Dataset section Start Marker
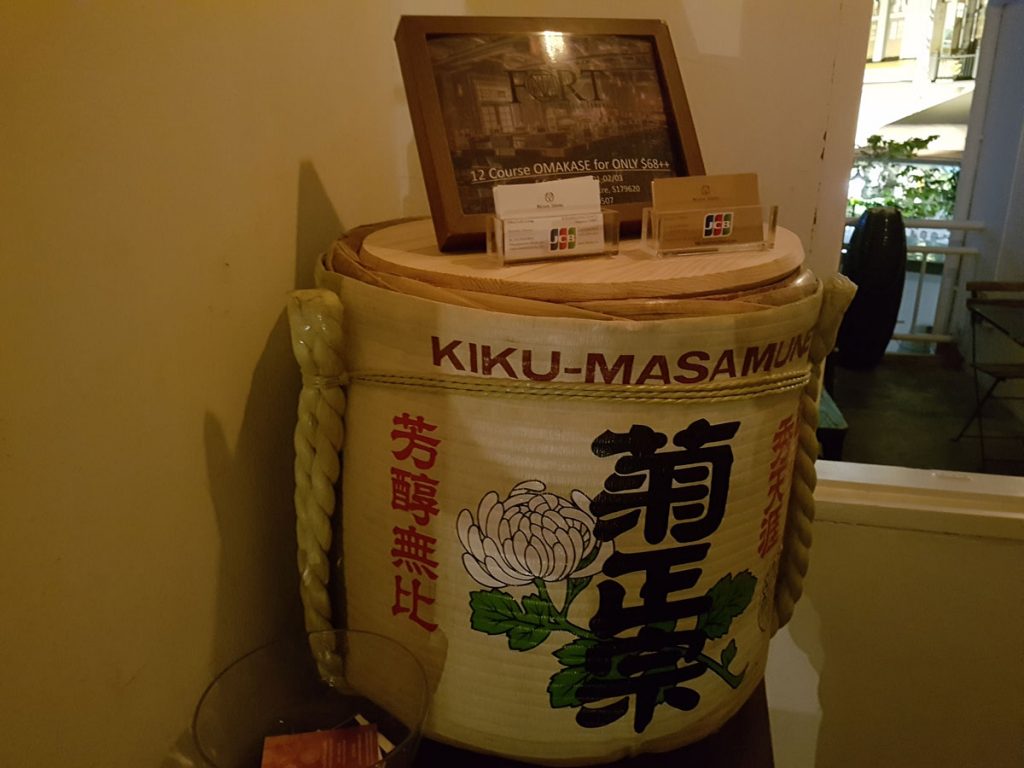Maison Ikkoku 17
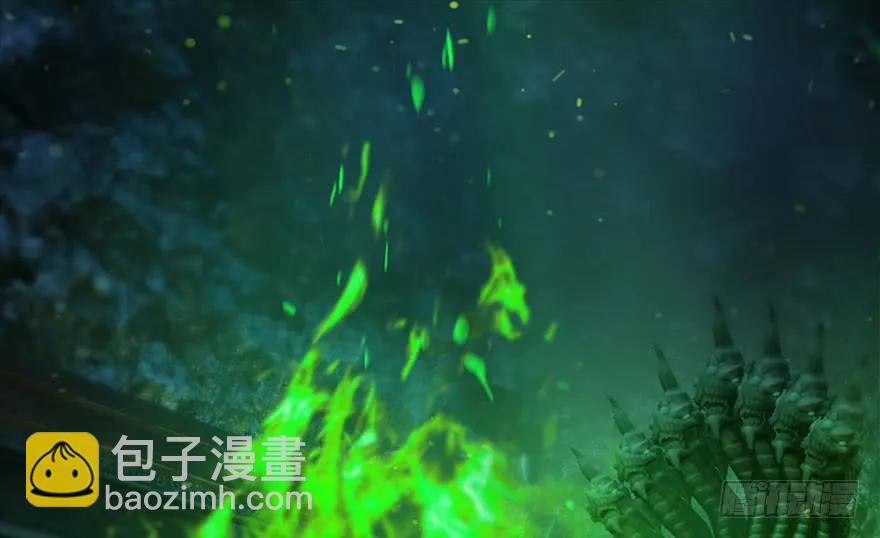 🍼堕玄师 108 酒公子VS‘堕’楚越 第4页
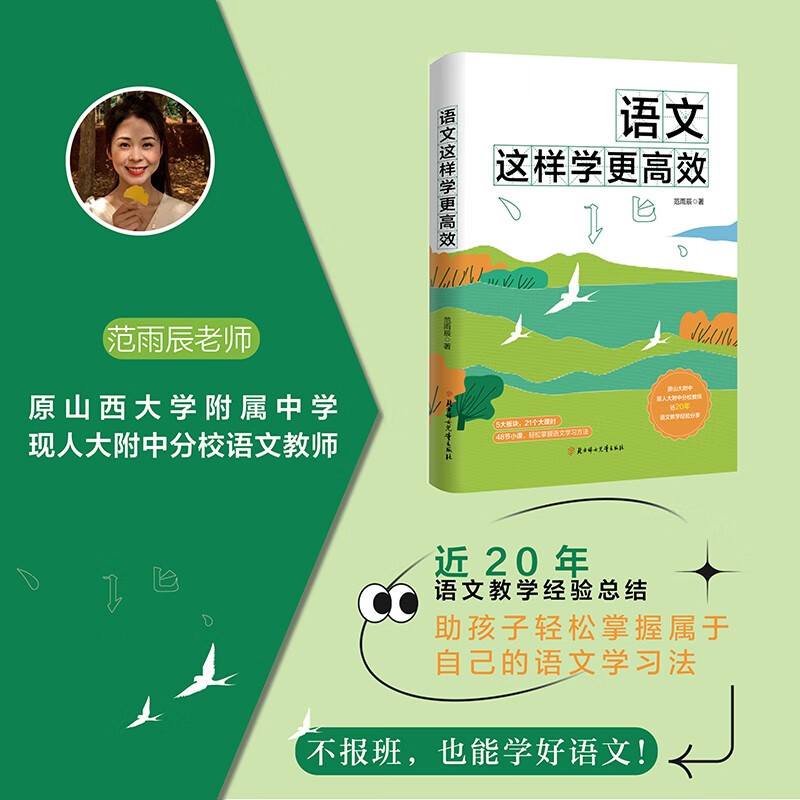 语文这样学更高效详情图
Dataset section End Marker
Task: All the material above should be written out exactly, with images omitted.

Response for this exercise:
Maison Ikkoku 17
 🍼堕玄师 108 酒公子VS‘堕’楚越 第4页
 语文这样学更高效详情图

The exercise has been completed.